So if I understand this correctly: What my mother is planning to do is a "transfer with retained life estate": She will have the right to live in the apartment for the rest of her life or even rent it out to her benefit alone. There will be also certain conditions where she could claim the gift back.
However, I do not see how this apartment would still be part of her estate when she dies, as it will already be in my name at the moment of her death.
So how can the two concepts be reconciled in one contract? A retained life estate that would still be part of a "death" estate. At least by German law, I don't see how this could be done legally.
We can't comment on German law. There are times when US and foreign laws contradict each other, and in that case you pay tax in each country according to that country's tax laws. (For example, India allows an inflation adjustment to cost basis for capital gains. The US does not.)
What you describe sounds like it would be viewed as a life estate under US tax law, and you would receive a stepped-up basis on your US tax return if and when you sell the property after your mother's death. But you may wish to have the transaction reviewed by an expert.
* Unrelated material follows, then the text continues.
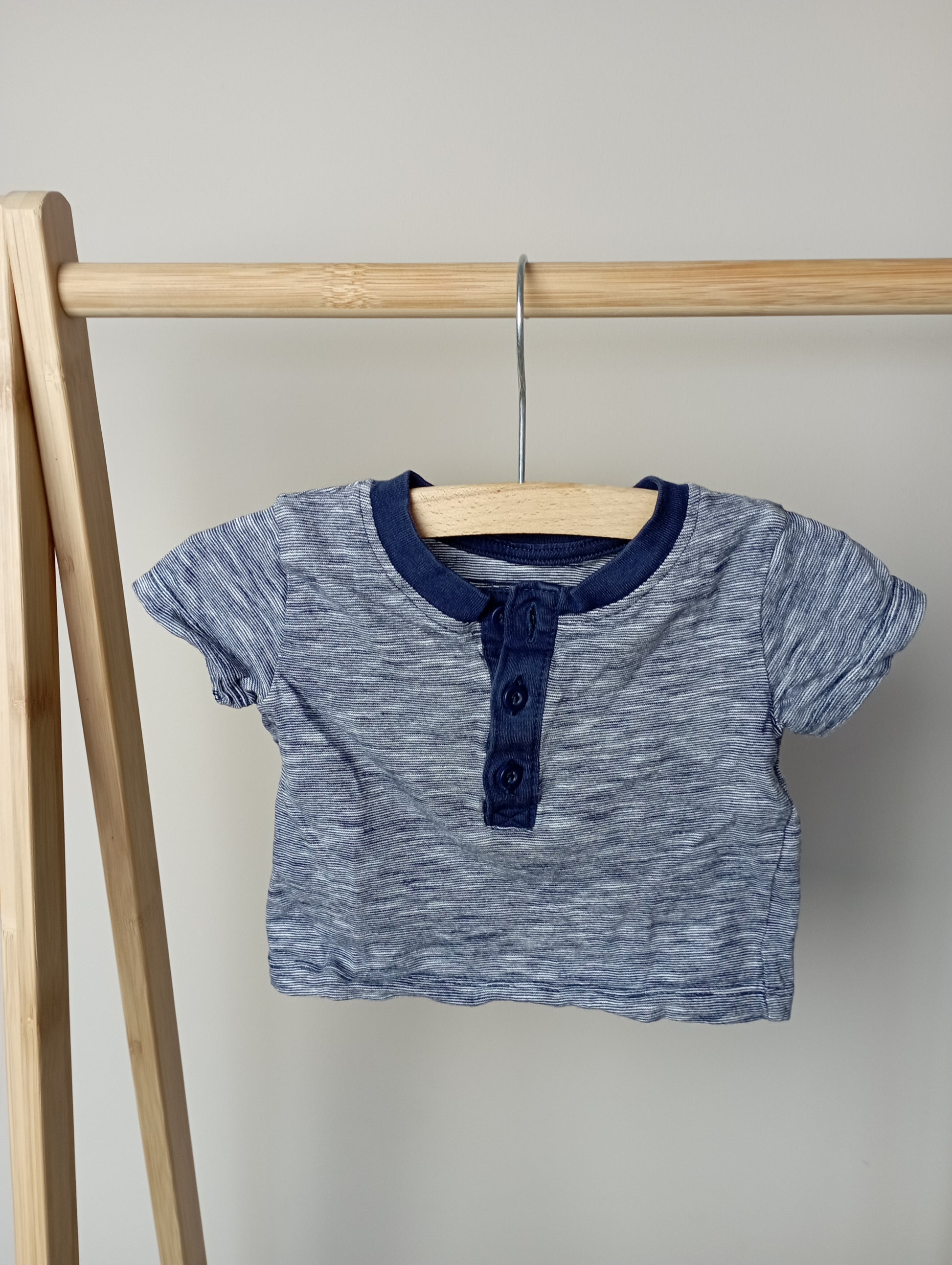 Shirtje met knoopjes 62 Early Days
Remember that if you are a US person (citizen, green card holder, or resident alien) you owe a US tax return that reports and pays income tax on all your world-wide income. This is filed according to US tax law and would include capital gains on the eventual sale of the apartment. You might or might not owe tax in Germany, and it might be calculated according to different rules. The US will give you a credit for foreign taxes you pay on the same income, up to (but not more than) the amount of US tax on the same income.